'''
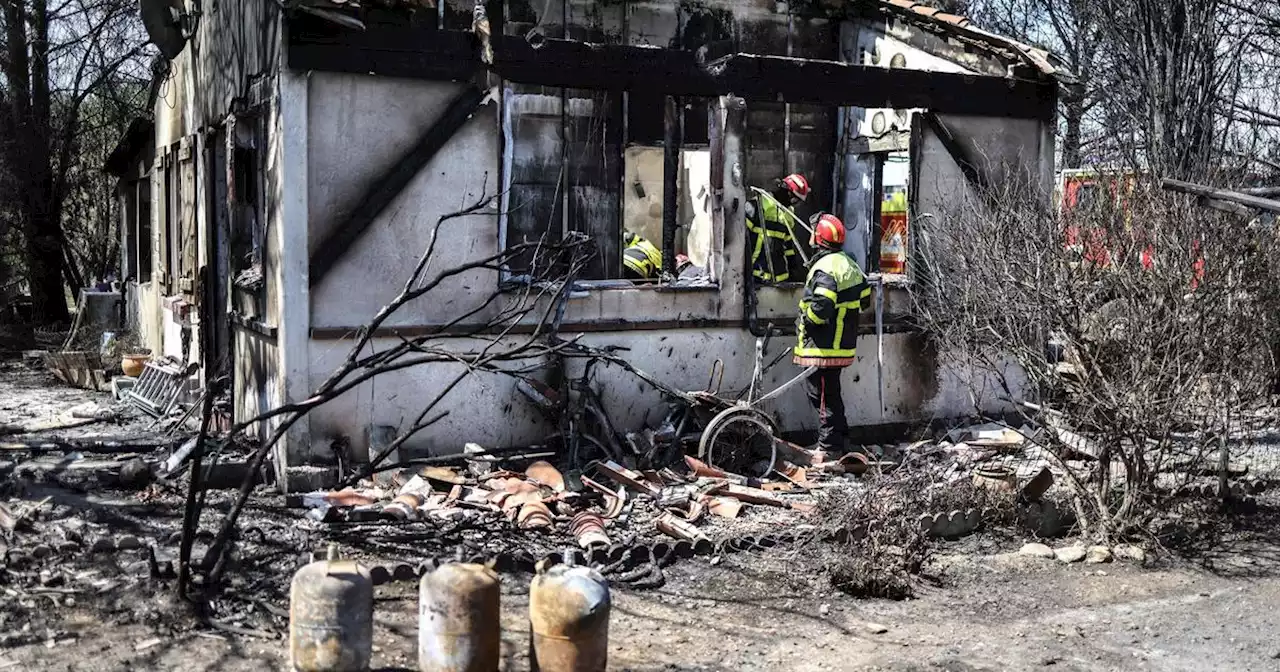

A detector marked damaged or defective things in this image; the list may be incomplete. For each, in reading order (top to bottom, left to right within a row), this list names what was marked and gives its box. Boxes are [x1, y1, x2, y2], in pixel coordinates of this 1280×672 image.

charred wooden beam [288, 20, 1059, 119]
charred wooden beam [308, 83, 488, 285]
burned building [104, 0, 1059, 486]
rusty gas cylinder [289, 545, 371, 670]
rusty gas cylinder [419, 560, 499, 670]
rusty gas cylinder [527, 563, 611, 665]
'''
— Assignment —
An exact copy of the entries above is required; pictures are not part of it.

— Task output —
A detector marked damaged or defective things in this image; the list may be incomplete. For each, in reading order (top to bottom, left to right within a row), this list names what was marked and gives its box. Boxes are [x1, y1, x2, y2], in pixel coordinates of this 1280×672 image.

charred wooden beam [288, 20, 1059, 119]
charred wooden beam [308, 83, 488, 285]
burned building [104, 0, 1059, 486]
rusty gas cylinder [289, 545, 371, 670]
rusty gas cylinder [419, 560, 499, 670]
rusty gas cylinder [527, 563, 611, 665]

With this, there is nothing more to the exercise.